Une greffe à faire prendre à l’école ?
Avec le développement du langage, l’enfant va entrer dans des systèmes culturels, symboliques, différents selon les civilisations, comme s’il greffait sur un potentiel « analogique » une représentation symbolique, un code qui va évoquer une quantité précise. Si elle devient intériorisée chez les adultes scolarisés, il est impossible de travailler sur des codes inhabituels : « pour votre cerveau, poser l’opération XXXIV x XXIII n’a rien à voir avec celle que vous ferez avec 34×23″… De même, passer d’une quantité à son code, dans les différentes dimensions, peut poser des problèmes spécifiques (de 76 à soixante-seize)…
Les débuts de cette dimension verbale du nombre, entre 12 mois et trois ans, sont très longs : il est plus difficile d’associer le mot « trois » à une collection de 3 que d’associer le mot « table » à la photo de la table. Le « concept de 3 » met très longtemps à devenir acquis par les enfants : à deux ans et demi, nombre d’entre eux mettent longtemps à apparier une carte de deux ballons avec une carte de trois ballons…

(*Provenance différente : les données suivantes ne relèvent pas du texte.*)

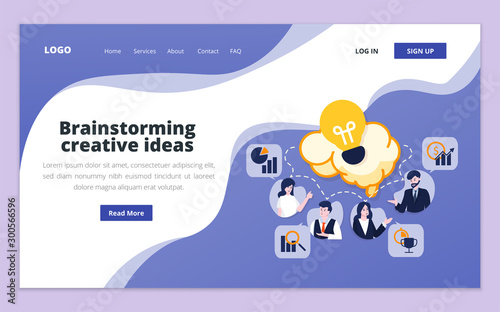Landing page template of brainstorm, project management, startup business, business consulting, business plan. Illustration for website and mobile website development
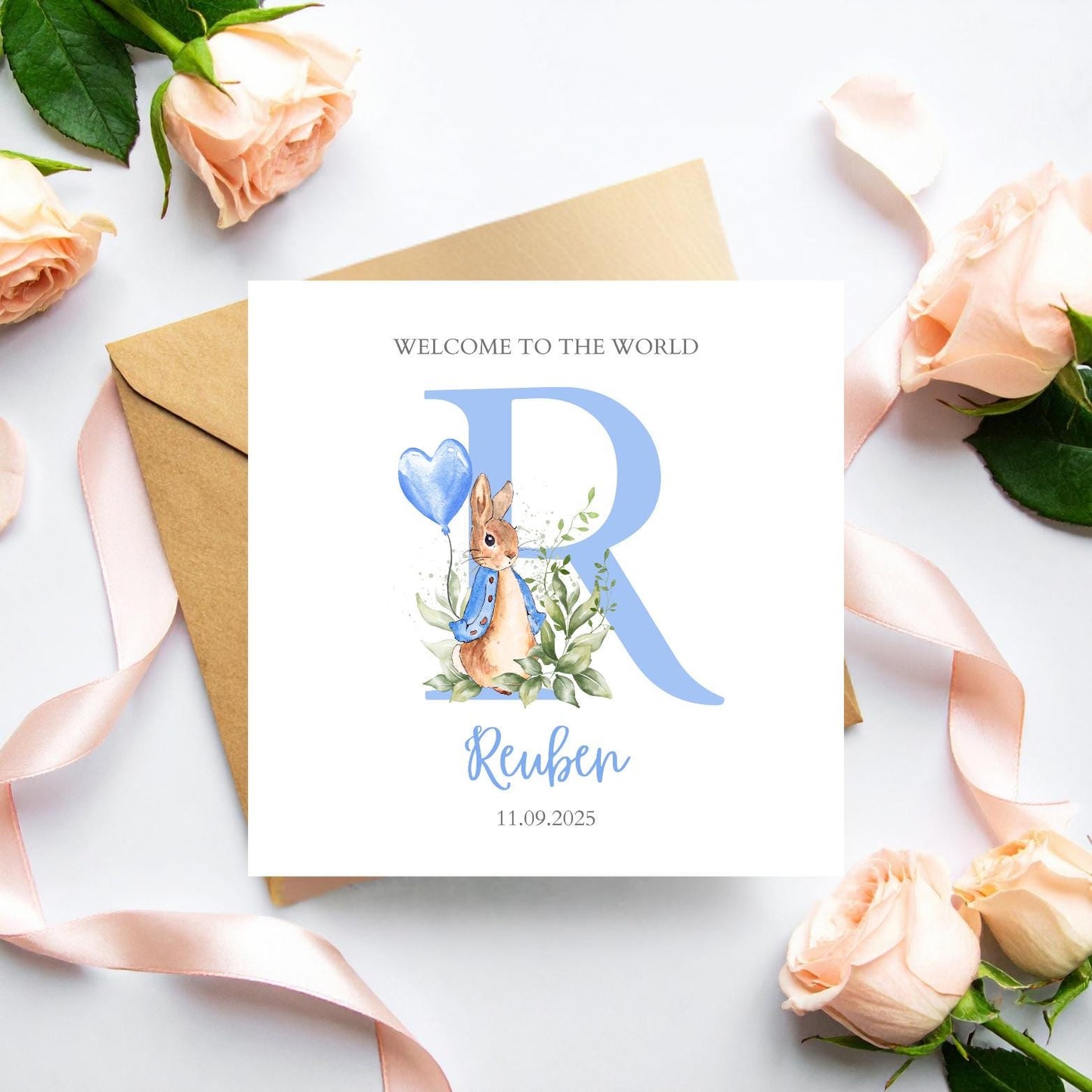 Personalised Flopsy Rabbit New Baby Card, Personalised New Baby Girl,Boy Greeting Card ,Baby's Name Initial Card, Flopsy Bunny Rabbit Card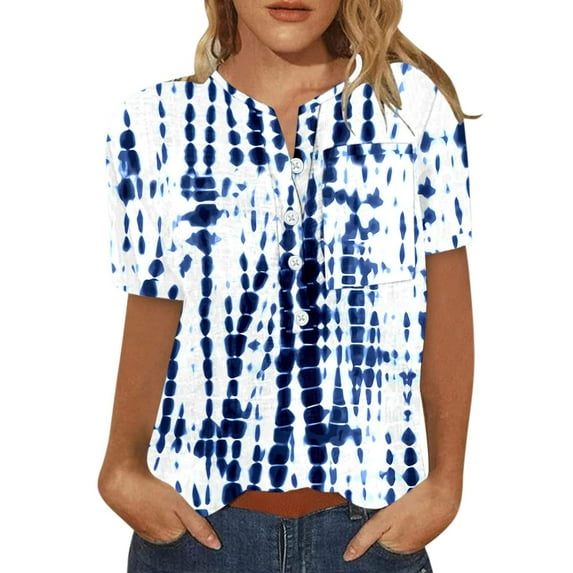 USSUMA Summer Tops for Women Trendy V Neck Short Sleeve Dressy Shirts Blouses Buttons Cute Graphic Women's Tops Summer 2022 Hawaiian Tropical Print Casual Tshirts Tunic Plus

C’est sans doute lié à deux problèmes :
– comprendre que la « cardinalité » est attachée à un ensemble, à une collection, et non à un objet. Un enfant ne comprend pas spontanément qu’une carte de « deux lions » va avec une carte de « deux fourmis »… Il faut bien attendre quatre ans pour que cela soit acquis…
– le langage code la quantité par l’ordre : 6 est plus grand que 5, parce que 6 se dit après 5 dans la comptine numérique… Rien dans le « signe » du 5 ou du 6, purement conventionnels, ne permet de le comprendre… La connaissance de la chaine verbale ne dit rien de la compréhension réelle de la cardinalité. Et les enfants ne généralisent pas sur des nombres plus grands ce qu’ils savent faire sur des petits…
Que faire ?
Comment amener les enfants à utiliser les symboles de manière précise et rapide ? Michel Fayol tente un raisonnement qu’il juge osé : tout est possible pour des jeunes enfants, si on reste à chaque fois sur des quantités de nombres compatibles avec leur état de développement. Il tente donc une liste de six activités, d’abord avec 1, 2, 3…, avec des quantités qui augmentent progressivement :
– Reconnaitre et dénommer : en faisant varier les formes, les couleurs, les dispositions, en un coup d’oeil, sans compter : c’est le subitizing et ça ne s’enseigne pas…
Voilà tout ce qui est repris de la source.